* Brief:
A verbatim copy is needed of the lines below from the one containing "3 Flaschobjekte 1" up to and including the one containing "Startup Business Team", excluding pictures.

* Exercise data:
◆ ◆ ◆ ◆ ◆ ◆ ◆

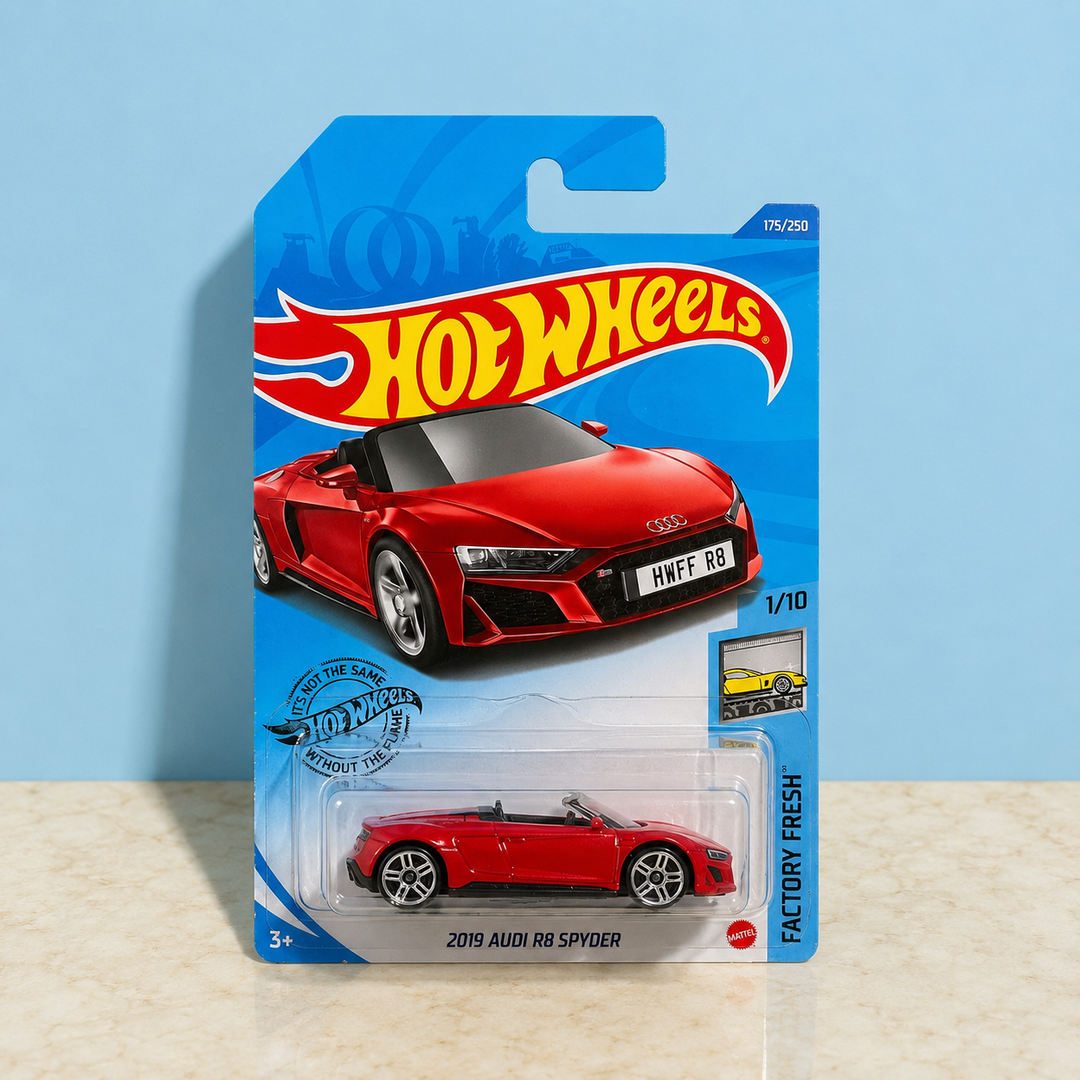Hot Wheels 2019 Audi R8 Spyder Factory Fresh red die-cast collectible car in original packaging on beige marble background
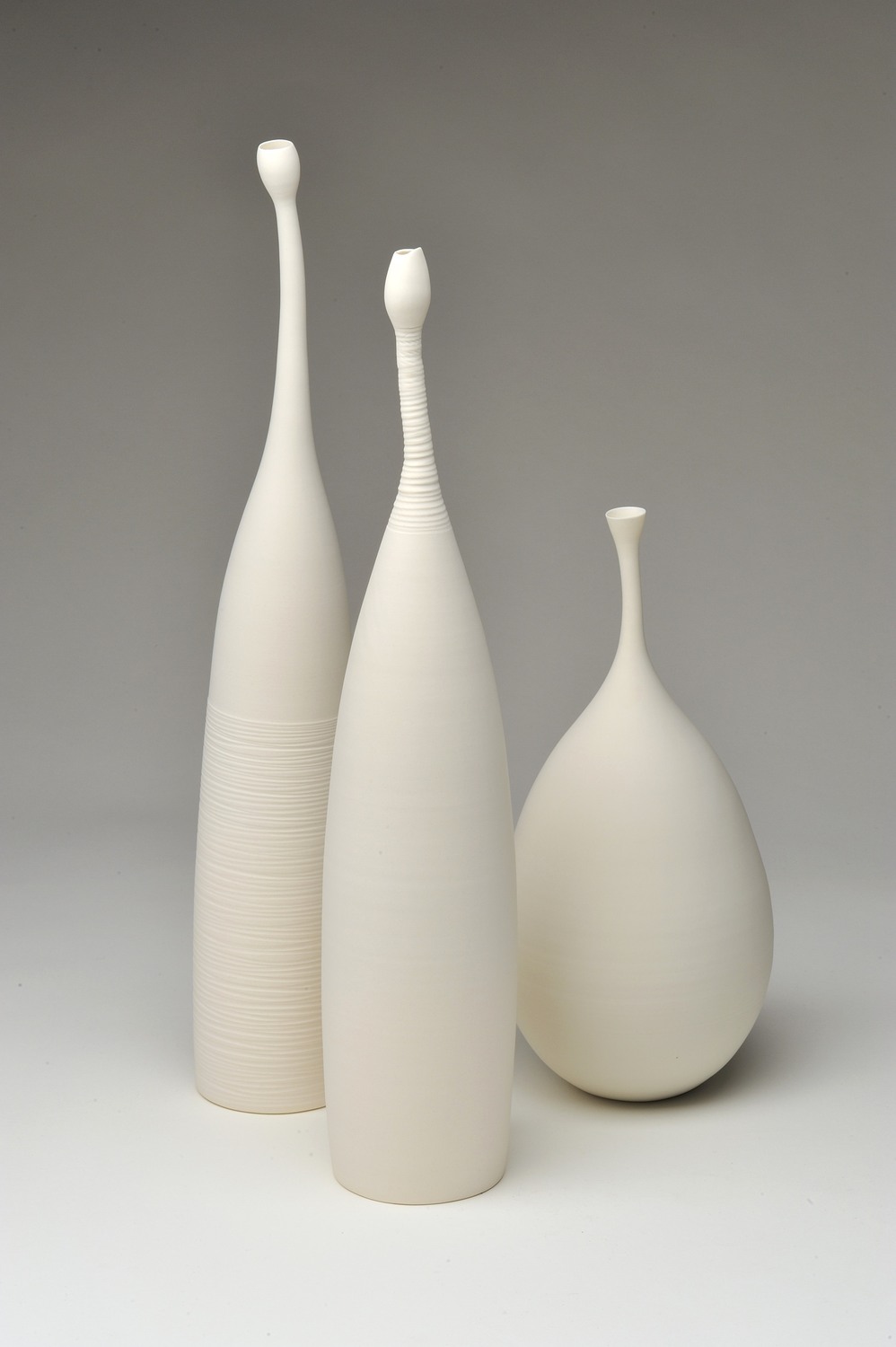 3 Flaschobjekte 1 - Deutsche Manufakturenstrasse Drei weiße Flaschenobjekte in unterschiedlichen Formen und Höhen auf einem neutralen Hintergrund.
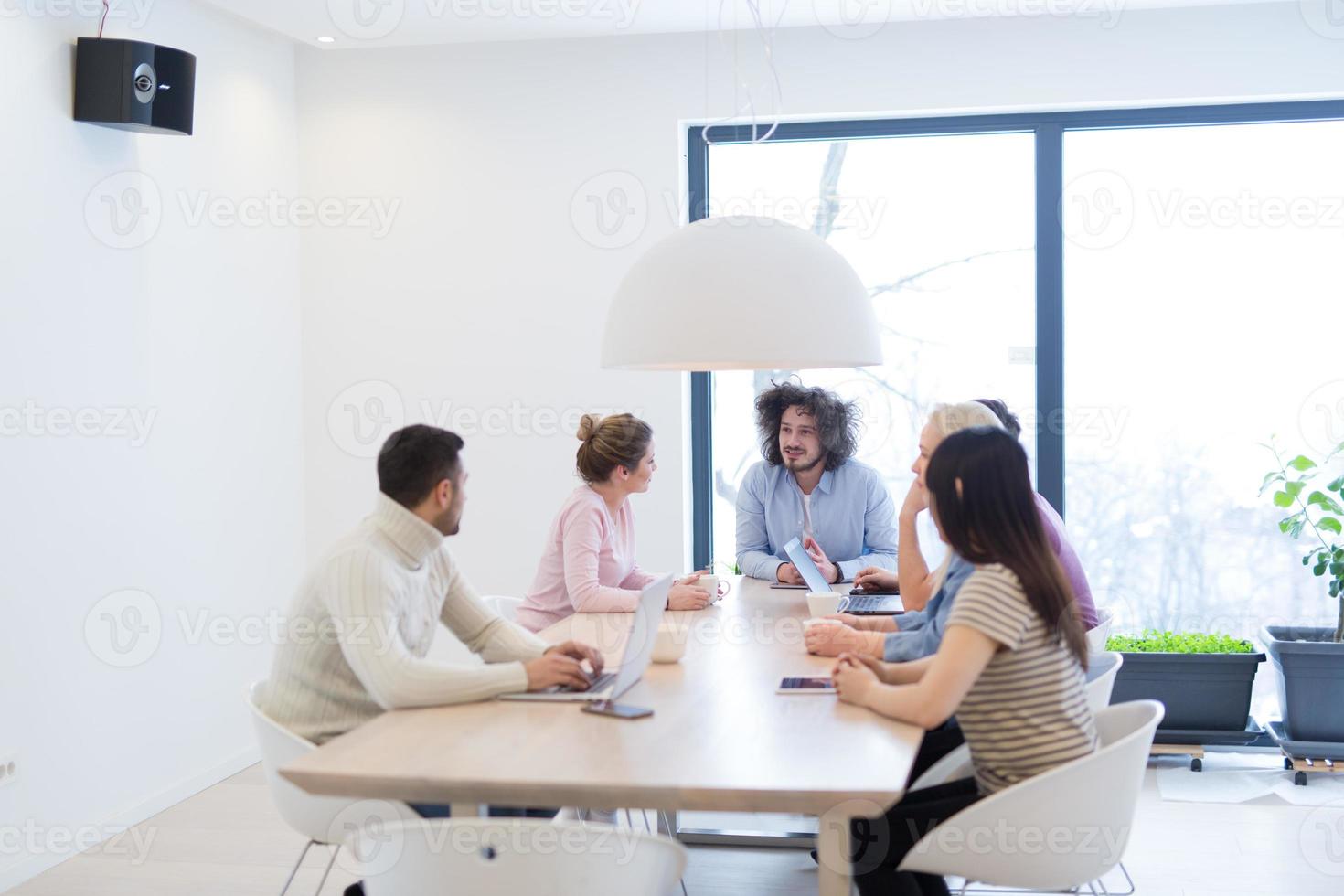 Startup Business Team At A Meeting at modern office building photo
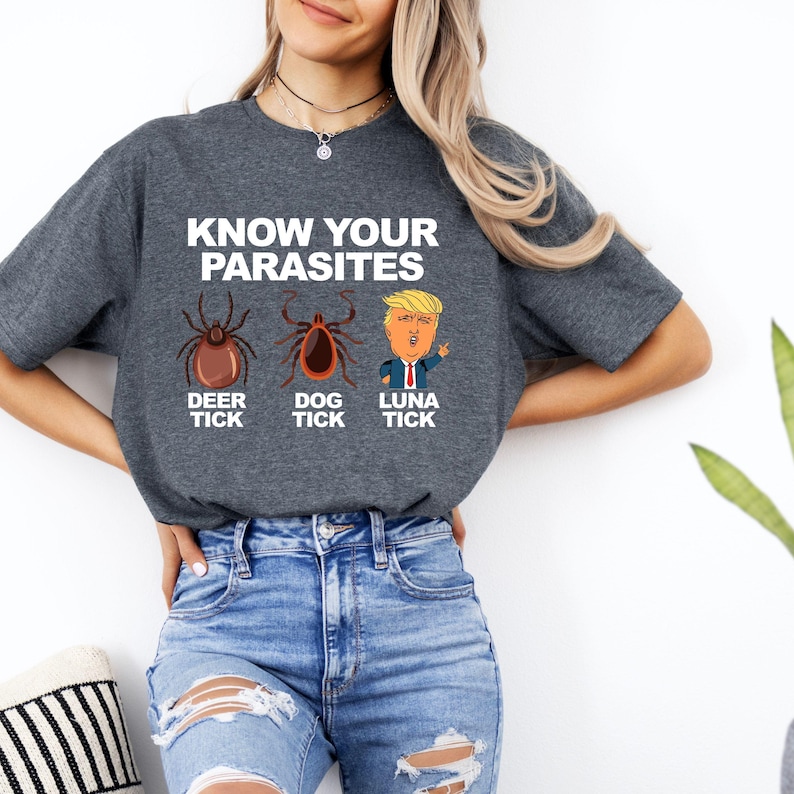 K&ouml;nnte beinhalten: Ein dunkelgraues T-Shirt mit dem Text "KNOW YOUR PARASITES" &uuml;ber Illustrationen einer Hirschzecke, einer Hundezecke und einer Karikatur einer Person. Das T-Shirt wird von einer Person getragen, die eine blaue Jeans tr&auml;gt.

◆ ◆ ◆ ◆ ◆ ◆ ◆

* Solution for this exercise:
 3 Flaschobjekte 1 - Deutsche Manufakturenstrasse Drei weiße Flaschenobjekte in unterschiedlichen Formen und Höhen auf einem neutralen Hintergrund.
 Startup Business Team At A Meeting at modern office building photo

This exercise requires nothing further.